Check your exam and homework questions to ensure they don’t rely on knowledge from outside of your course and aren’t phrased with excessively complex language to give students their best chance on each test.

  • An exam question can be made more difficult or complex if it:
    • requires knowledge outside the scope of your course,
      • For example, a question that involves sorting or drawing from a deck of cards requires knowledge of decks of cards (e.g, of the colors of the suits).
        • Not all students necessarily possess this type of cultural information.
        • You can partially mitigate these problems of background knowledge by explicitly providing information relevant to the question (e.g., tell students “In a standard deck of cards, clubs and spades are black, and hearts and diamonds are red”).

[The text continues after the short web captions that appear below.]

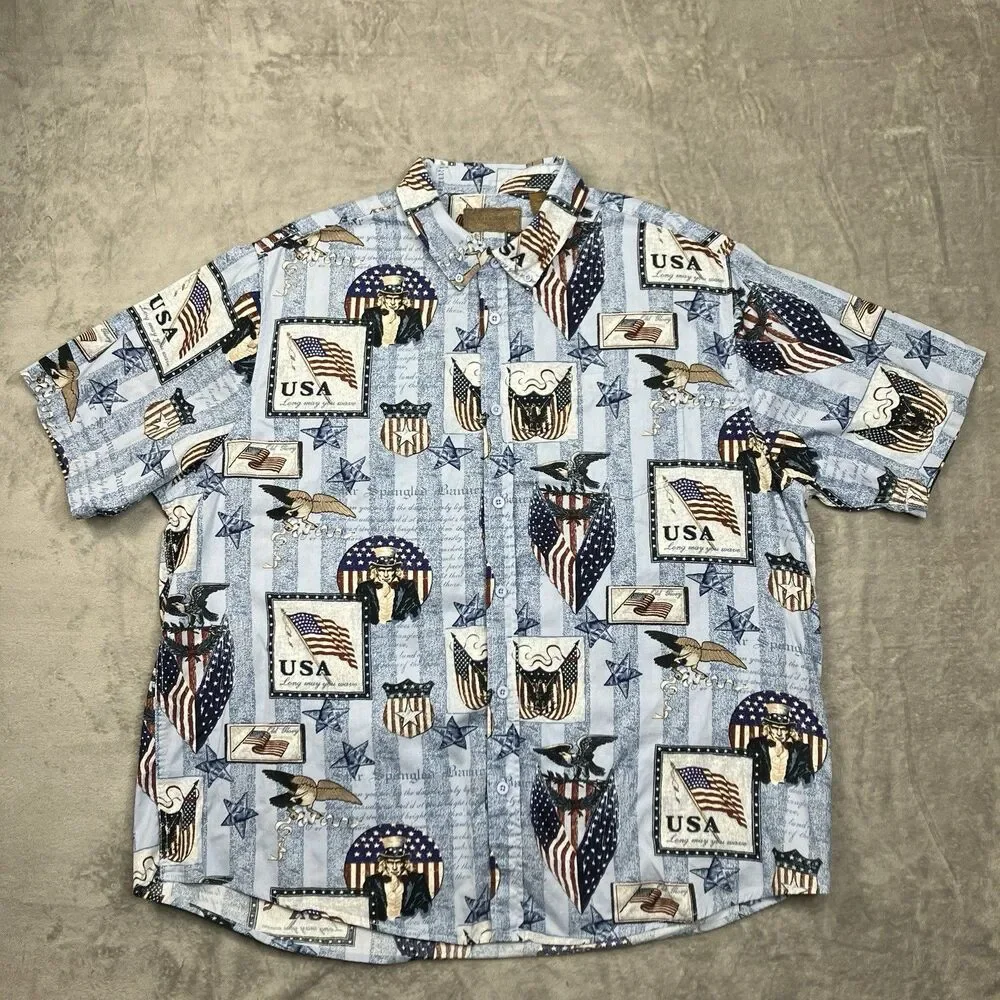 Patriotic Shirt XXL American Flag Uncle Sam Button Up USA Clearwater Outfitters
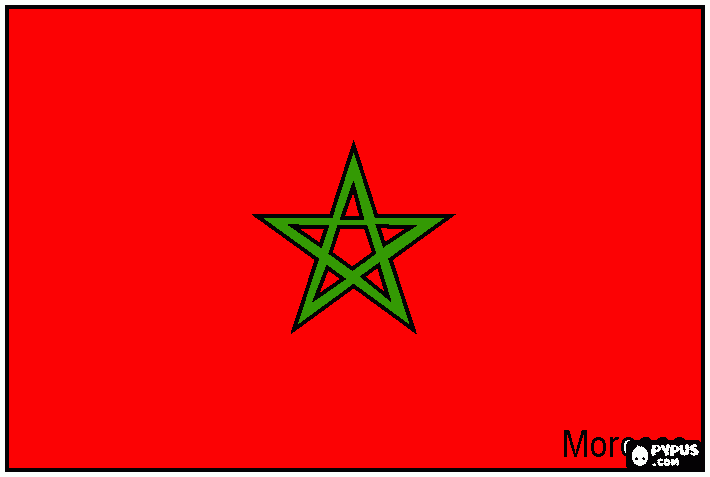 Bandera Marruec Para Colorear Bandera Marruec Para Imprimir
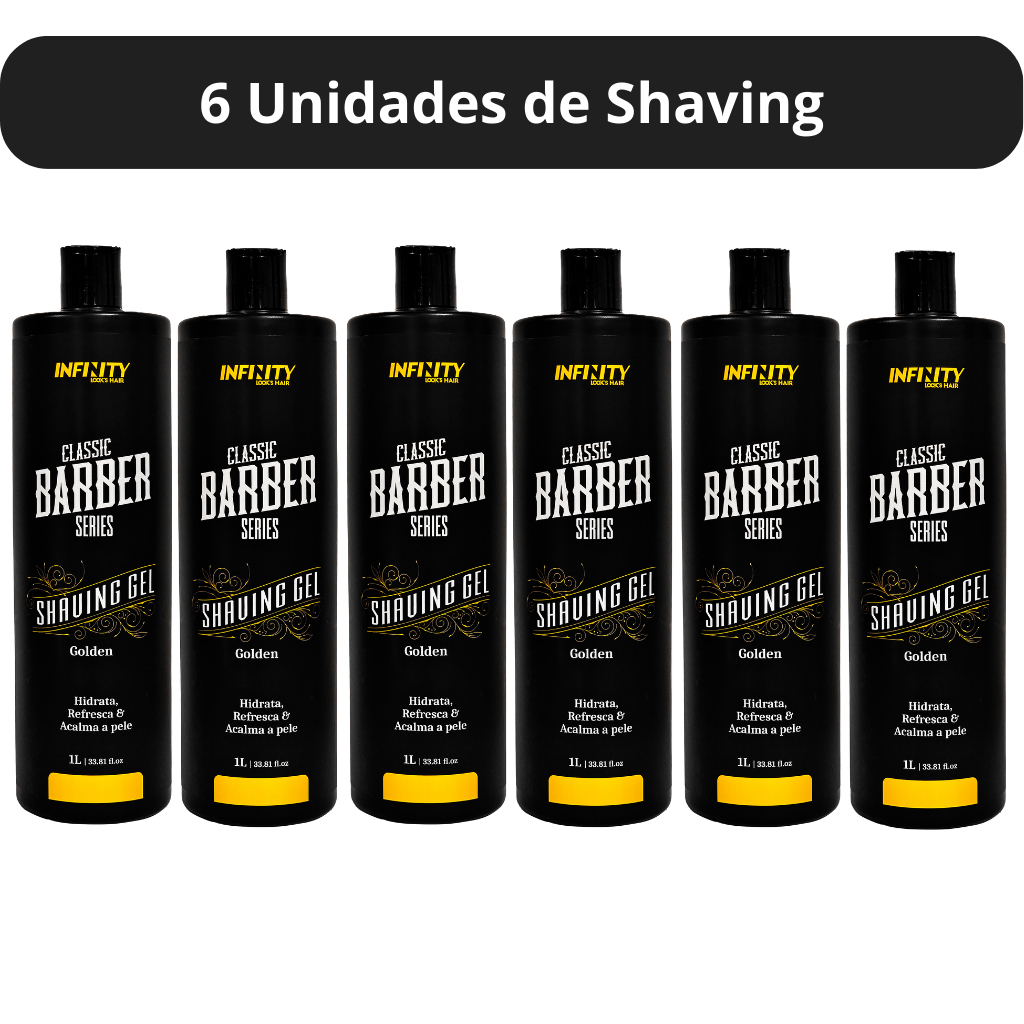 Shaving Gel de Barbear 1 Litro Amadeirado INFINITY 6 Unidades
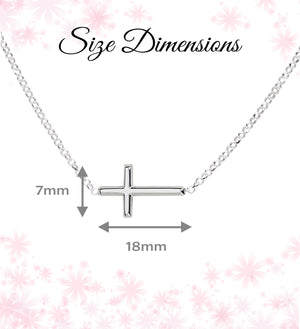 Sterling Silver Children's Horizontal Cross Necklace for Girls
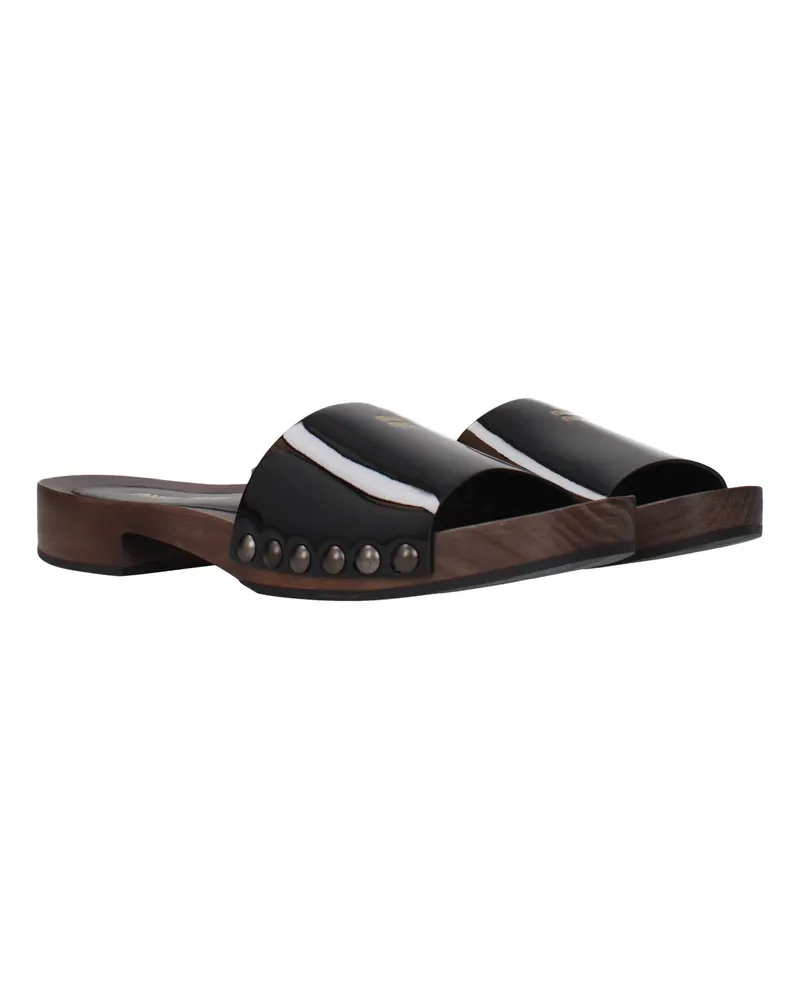Miu Miu Women's Black Leather Slippers Black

    • is not explicit about how students should answer,
      • For example:
        • More explicit (and thus clearer): ““Write a program to simulate an automatic vending machine that takes an array of integers containing the item number and the money provided to pay for that item and returns the change due.”
        • Less explicit (and thus less clear): “Write a program to simulate an automatic vending machine.”
    • is phrased in a longer or unnecessarily complicated way,
      • These questions can be more difficult to understand because the information is not clearly presented or the question uses vocabulary the student has not been exposed to.
      • These factors can make questions harder to answer in biased ways.
    • requires a very long answer, or
    • requires thinking at a higher level of Bloom’s taxonomy.
      • Thinking at a higher level of Bloom’s taxonomy is not a bad thing, just make sure you have adequately prepared your students for the types of questions you expect them to be able to answer.
        • For instance, questions requiring evaluation or analysis will tend to be more difficult than those requiring only comprehension or knowledge recall.
        • If students have not been scaffolded to higher levels of Bloom’s taxonomy in your classroom, evaluation or analysis questions can unfairly discriminate based on experience students have outside of your classroom.